=== The data ===

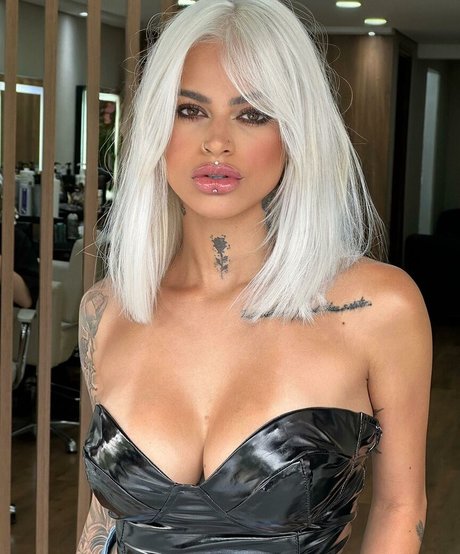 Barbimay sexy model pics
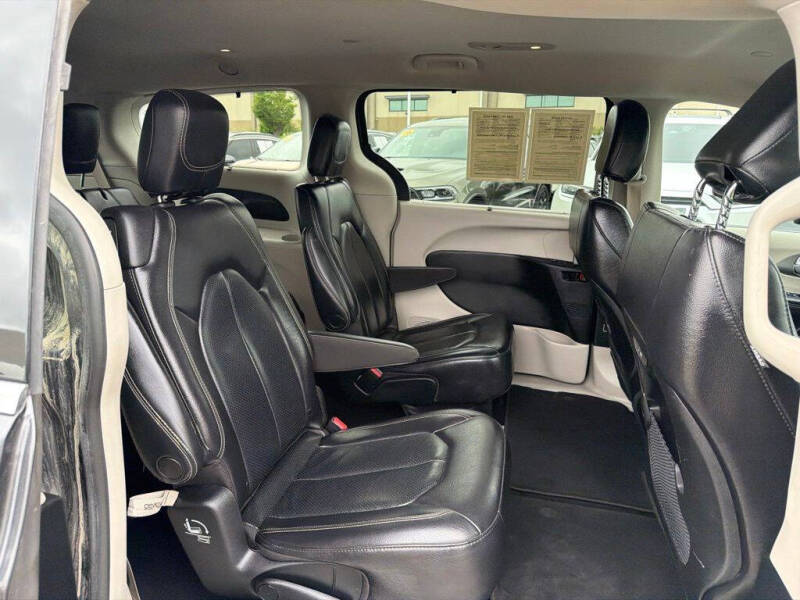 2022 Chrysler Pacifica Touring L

===
=== The data ===

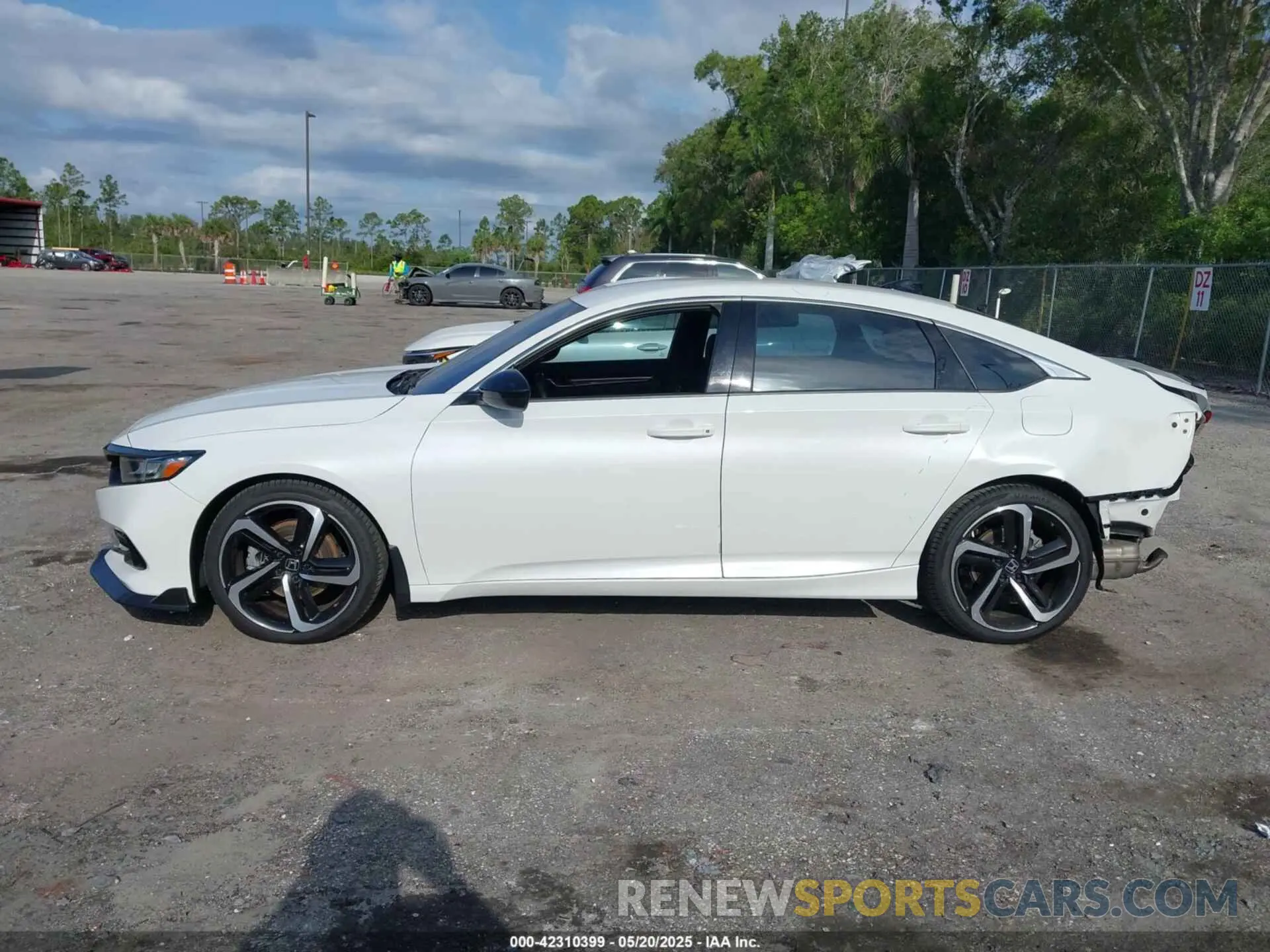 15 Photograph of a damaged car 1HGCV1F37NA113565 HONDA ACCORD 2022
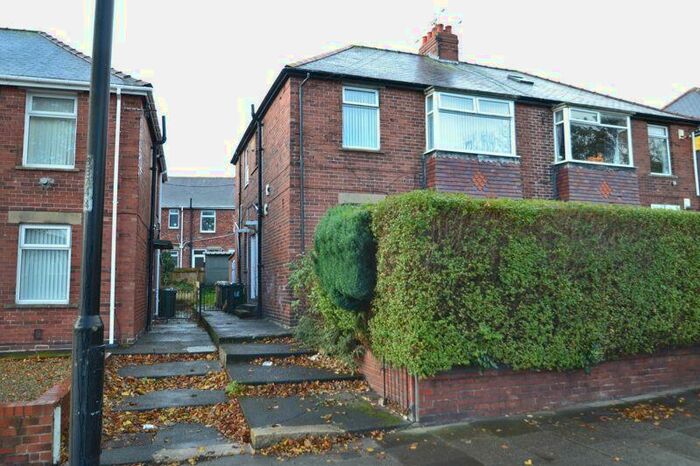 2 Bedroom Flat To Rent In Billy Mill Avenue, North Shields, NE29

===
=== The data ===

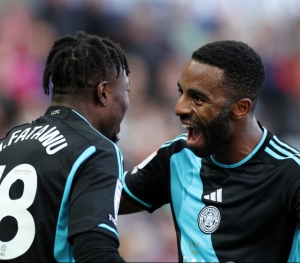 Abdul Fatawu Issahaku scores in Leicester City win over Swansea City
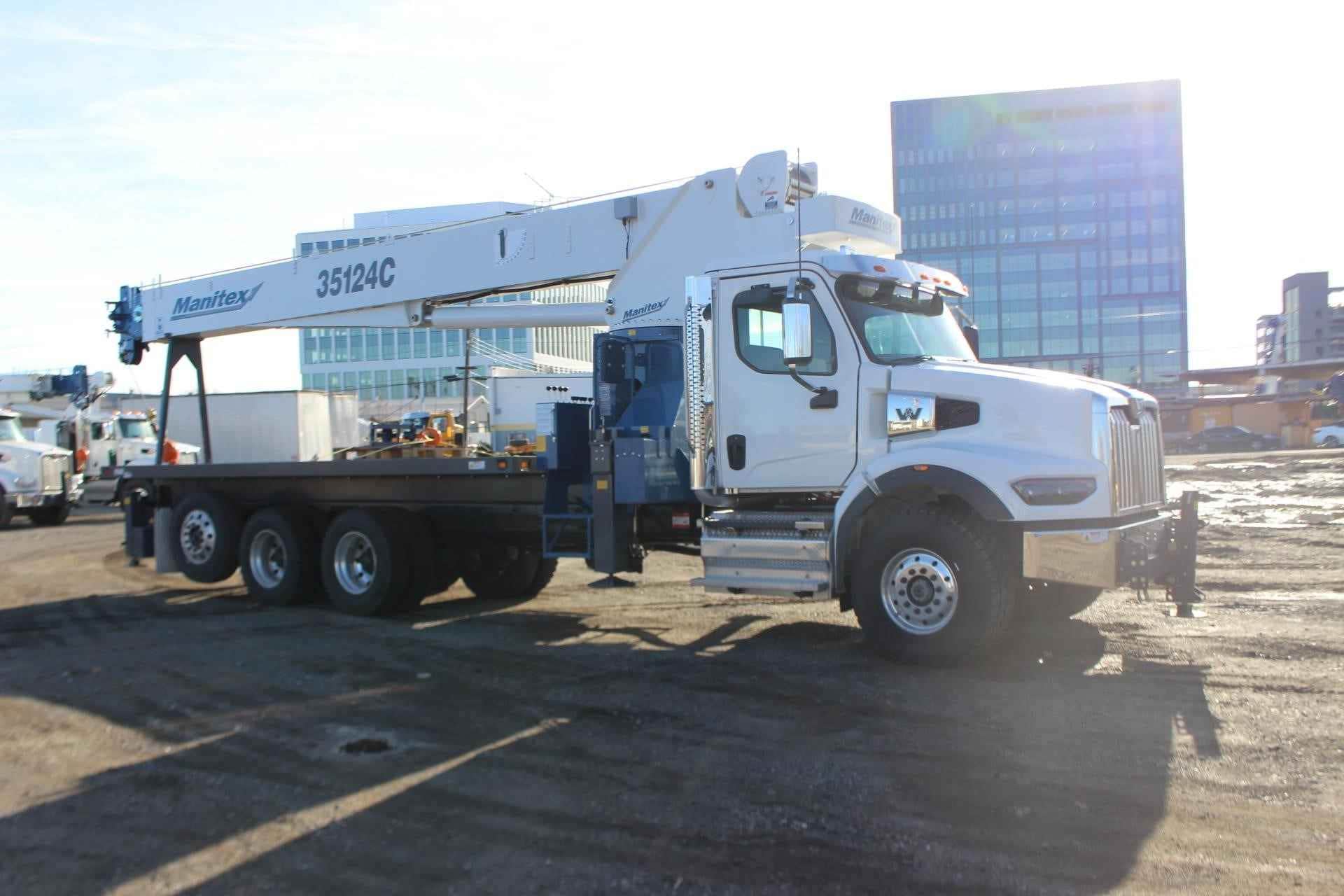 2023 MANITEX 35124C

===

## [Task item]
Only the lines starting at the one with "Barbimay sexy model pics" and ending at the one with "2022 Chrysler Pacifica Touring L" should be printed, each exactly as it appears in the material above; the pictures are to be omitted.

## [Response to this exercise]
 Barbimay sexy model pics
 2022 Chrysler Pacifica Touring L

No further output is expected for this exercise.